I recently posted https://stats.stackexchange.com/questions/153335/multinomial-mixture-model but got no answer. Hence I take the liberty to present what I came up with on my own and a follow up question:
I have two processes which generate a series of A,C,G,T's. Let's say I know the probabilities for each process to generate a particular base.
prob1 = c( 1/100,1/100,97/100,1/100 )
prob2 = c( 1/4, 1/4, 1/4, 1/4 )
I can test a random variable observed
with a chi-squared if it can be explained by one of the processes (e.g., process1) by
N=length(observed)
chi2_statistic <- sum( (observed-(N*prob1))^2/(N*prob1) )
pchisq(chi2_statistic,df=4-1, lower.tail=FALSE)
Here, the number of degrees of freedom is df=4-1
as I learnt from several sources.
But to test if my variable observed
can be better explained by the mixture of process1 and process2, I came up with the following procedure:
I test all values of f=seq(1/100,99/100,1/100)
if observed
can be explained by a mixture of f
process1 and 1-f
process2
f <- 1/3
prob_mix <- prob1 * (1-f) + prob2 * (f)
Again I can use this merged or mixed probabilities in a chi-squared test if this explains my observed
variable better.
chi2_statistic <- sum( (observed-(N*prob_mix))^2/(N*prob_mix) )
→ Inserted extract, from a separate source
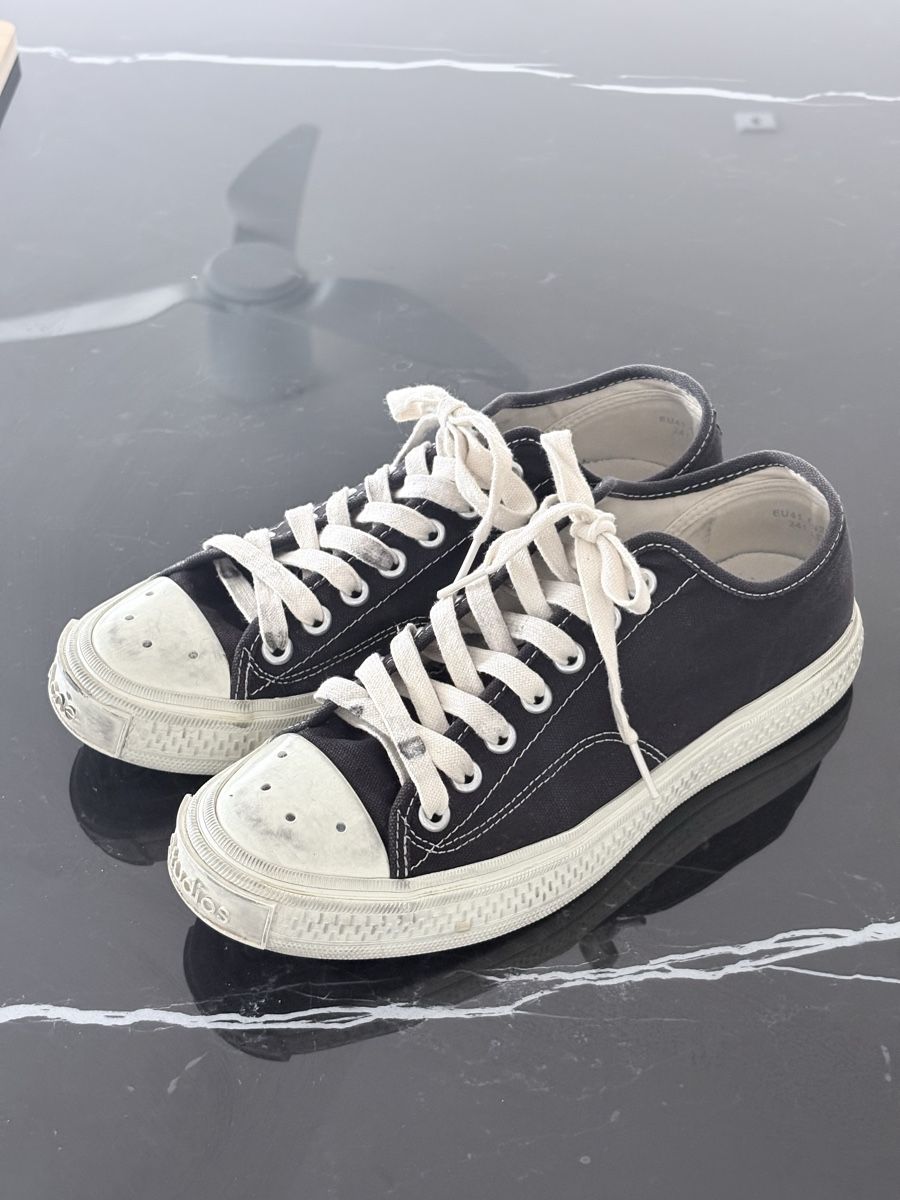 Acne Studios Scarpe da donna: ACNE STUDIOS schwarz Grösse 41 – Usato da Zürich venduto da auto-moto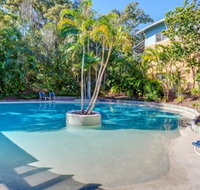 Baden 74 - Rainbow Shores Top Floor Air conditioned Unit Walk To Beach - Foster Accommodation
pchisq(chi2_statistic,df=4-2, lower.tail=FALSE)
Two questions:
Do you think such an procedure is statistically sound? (I tested it with simulated data and do like the results)
For the
pchisq
: what is the appropriate number of degrees of freedom since I have still 4 categories but somehow merged probabilities. My intuition tells me that the number of degrees of freedom is larger, but I'd like to have favoured to explain my data without this mixture process; therefore I should include a smaller df (therefore I used 2 so far). Can somebody deduce the precise df?